Categoria: PROFILI

Jingle MaNato nel 1954, Jingle Ma lavora nel mondo della fotografia e della pubblicità (anche se come regista di spot non sembra avere grandi prospettive) prima di approdare al cinema, nel 1986, sotto l'egida di Yonfan, come operatore per Passion (lavoro ottenuto implorando la protagonista Sylvia Chang) e Immortal Story. Dopo un breve apprendistato si ritaglia presto uno spazio professionale di rilievo, in special modo per la Golden Harvest, come apprezzato direttore della fotografia soprattutto per prodotti ad ampio budget e dalle non celate ambizioni commerciali. Preciso, professionale, capace di adattarsi alle direttive di qualsiasi tipo di regista - l'autore e l'artigiano -, Ma riesce, nell'iperproduttività dei ruggenti anni '90, a lavorare con continuità senza sacrificare la qualità.

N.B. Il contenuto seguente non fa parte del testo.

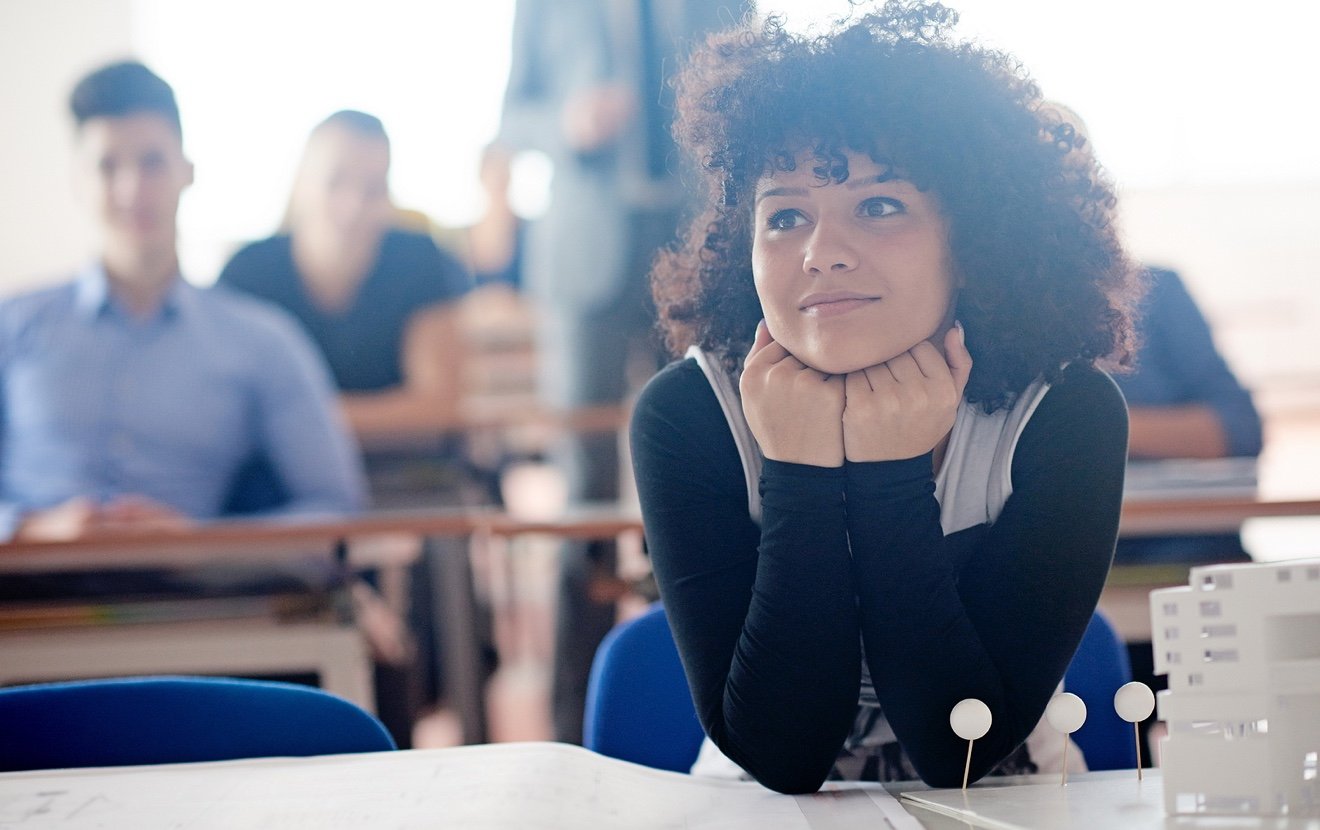 portrait of young female student at school classroom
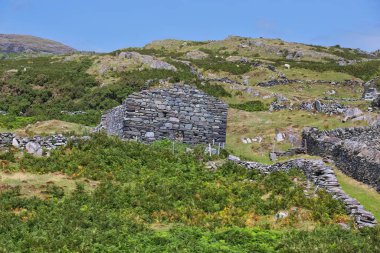 a view of a beautiful scenery of ruined village in Barmouth- Gwynedd- Wales- Great Britain clipart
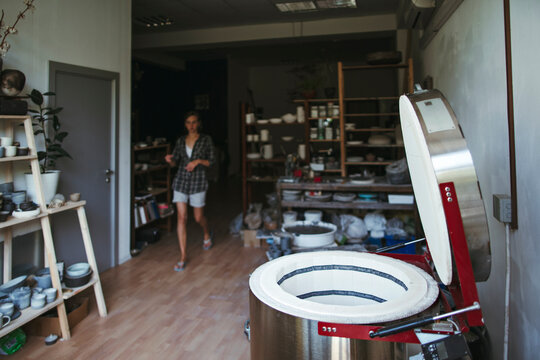 Female artisan makes ceramic products.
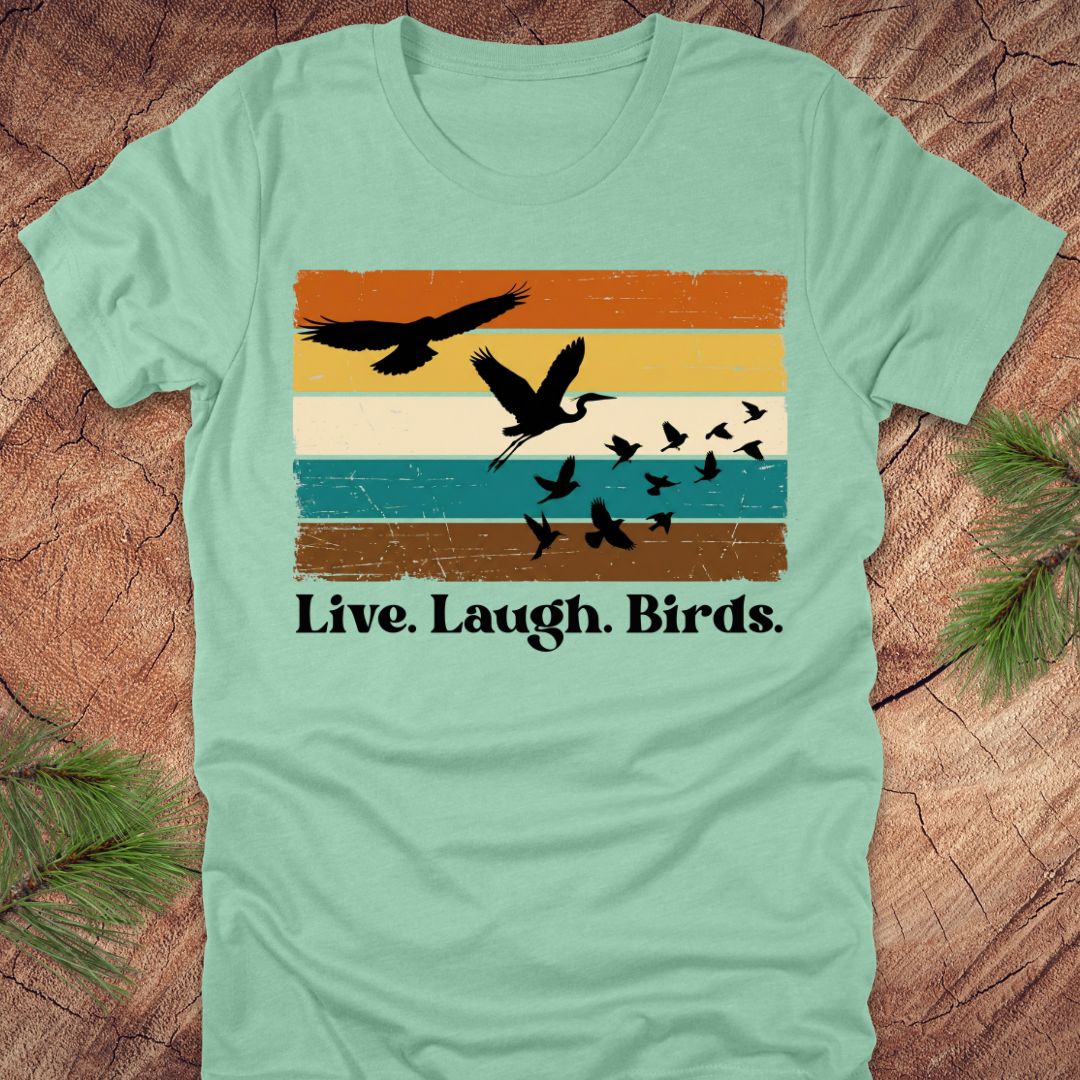 Light green t-shirt with bird graphic and 'Live. Laugh. Birds.' text on a wooden surface.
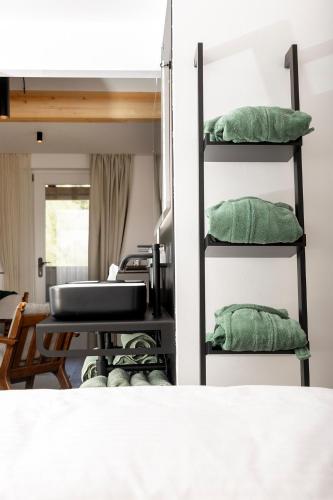 a room with a stack of green pillows at Michlhaus nature and suites in Aldino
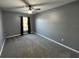 Bright bedroom with gray walls, carpet, and large window at 810 E Yorkshire Dr, Deland, FL 32724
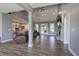 Open-concept living area with high ceilings, wood floors, stone fireplace, and kitchen access with views to the outside at 613 Nebo Rd, Dallas, GA 30157
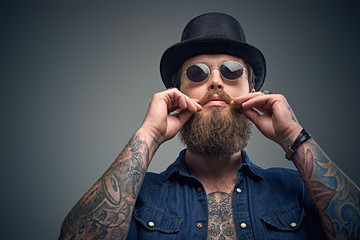 Tattooed bearded male in sunglasses and top hat.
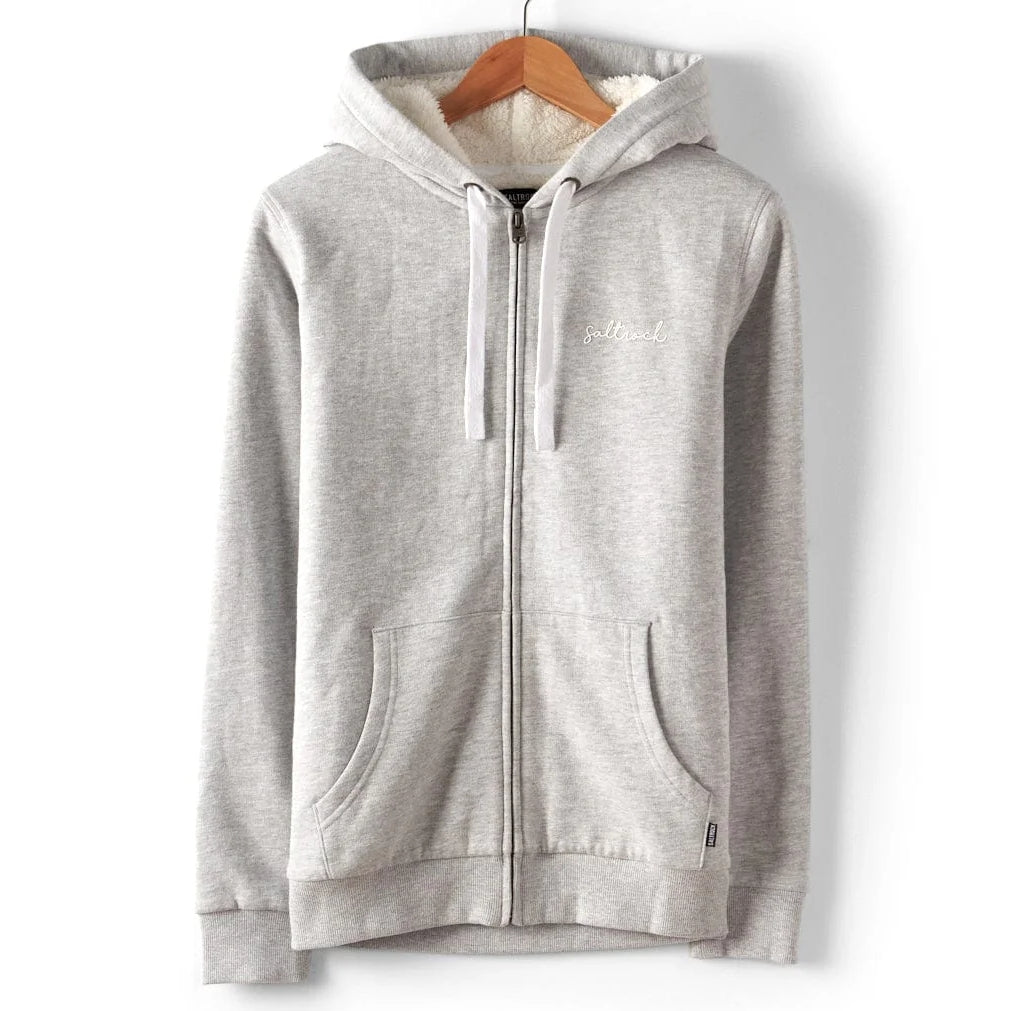 Front view of a womens Saltrock Velator grey borg lined full zip hoodie with a small logo on a white background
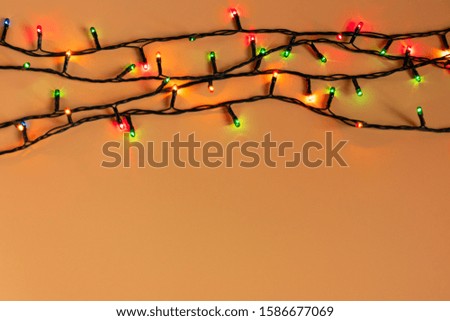Colorful Christmas garland lights on an orange background. Christmas light with copyspace for new year frame or christmas layout. Christmas decorations showcases
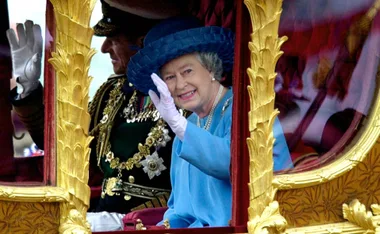 Woman in blue outfit and hat waves from a gilded carriage window.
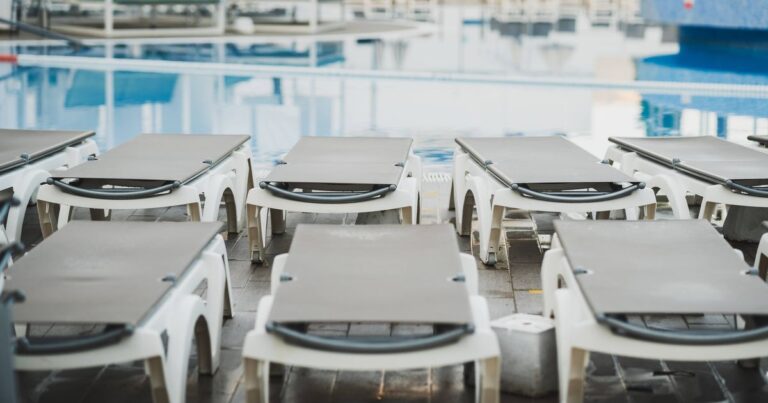 5_Empty-sunbeds-waiting-by-the-reflecting-water-of-a-swimming-pool-in-a-resort.jpg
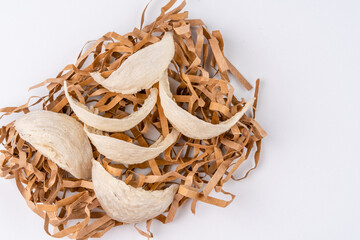 Top Grade edible bird nest shoot on white background with negative space. Raw edible bird's nest...
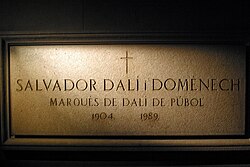 Dalí's crypt at the Dalí Theatre-Museum in Figueres displays his name and title.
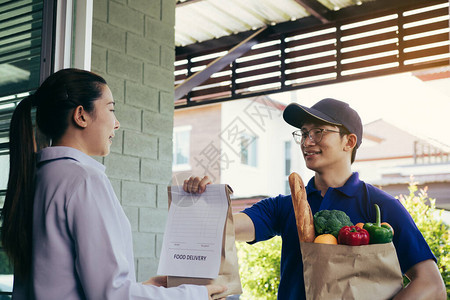 超市食品运送人员在房子门前向女顾客送上袋子图片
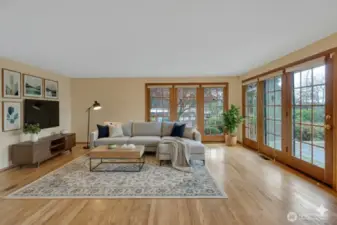 The family room showcases beautiful floor to ceiling windows.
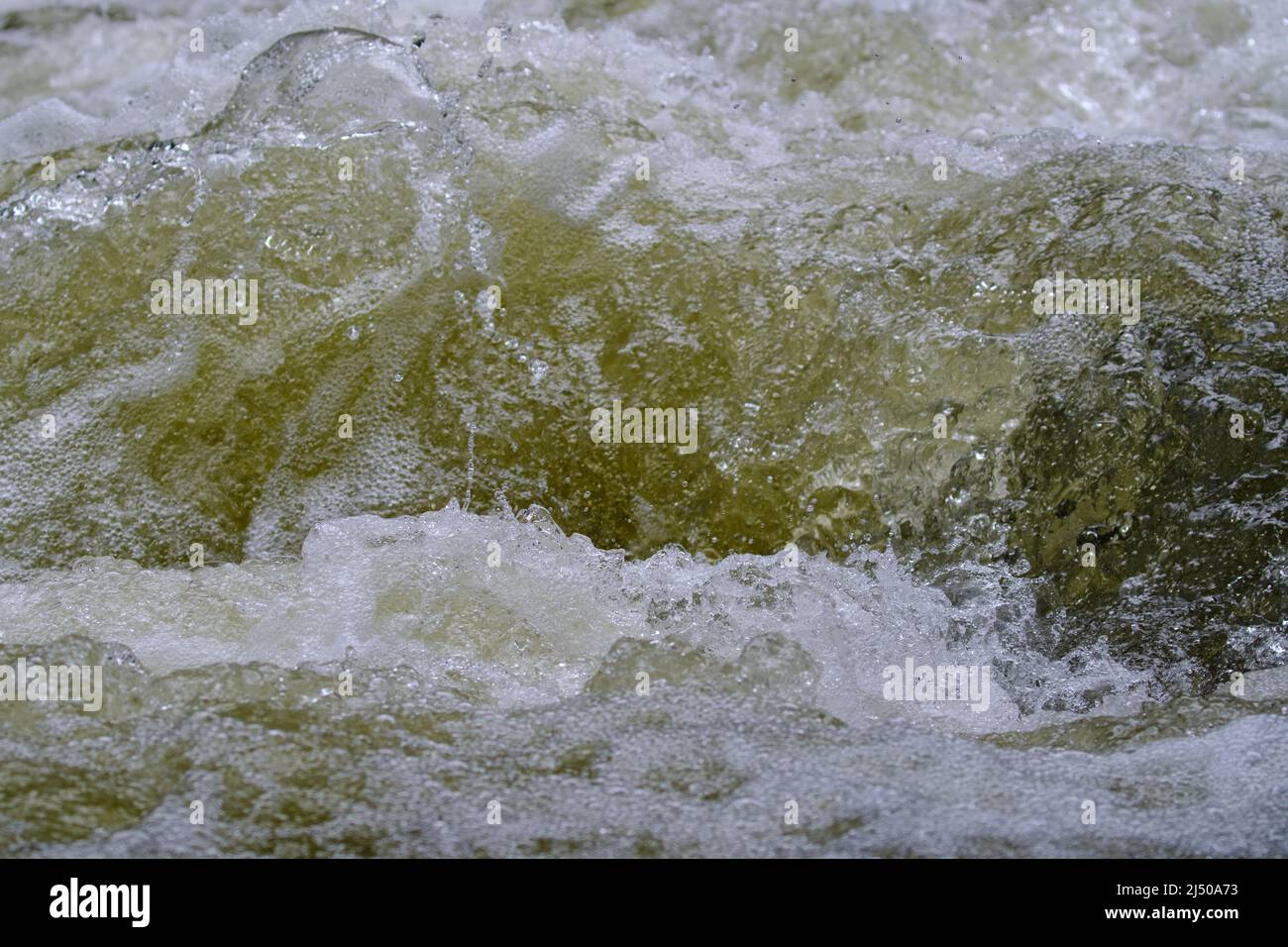 Texture of water in a natural state, in a river when splashing against the stones. Stock Photo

Impegnato contemporaneamente su diversi set, particolarmente a suo agio con Jackie Chan, riesce a illuminare una media di quattro / cinque film all'anno, guadagnandosi cinque nomination (Kawashima Yoshiko, Farewell China, City of Glass, Fly Me to Polaris, Summer Holiday) e un Hong Kong Film Award (Comrades, Almost the Love Story). Tra le sue prestazioni migliori si segnalano i giochi di luce in notturna di The Private Eye Blues, le piroette brillanti al seguito di Stephen Chiau per The God of Cookery, i contrasti cromatici di The Wedding Days, i colori tenui di Love Is not a Game, but a Joke.
Con Hot War passa dietro la macchina da presa e amplia i suoi orizzonti, improvvisandosi anche produttore (Marooned, 2000, di Liu Kim Wa) e soggettista. Il neo regista si fa propugnatore di un cinema solare, generalista, che aldilà del genere prescelto - azione, commedia, dramma - possa essere subito riconoscibile e facilmente fruibile a beneficio di un pubblico allargato. Già dall'esordio dimostra la sua preferenza per una confezione patinata, di maniera, colorata, rumorosa, musicalmente aggiornata (Ma è anche batterista a tempo perso), popolata da attori giovani, carini e trendy (come Kelly Chen, Ekin Cheng, Aaron Kwok o Richie Ren). Soprattutto in ambito romantico-leggero, le sue opere sono modellate sui presumibili gusti dello spettatore medio, rifacendosi ad un tipo di pubblico globalizzato, che ama tanto il tecnologico Giappone che Hong Kong (come entità postmoderna).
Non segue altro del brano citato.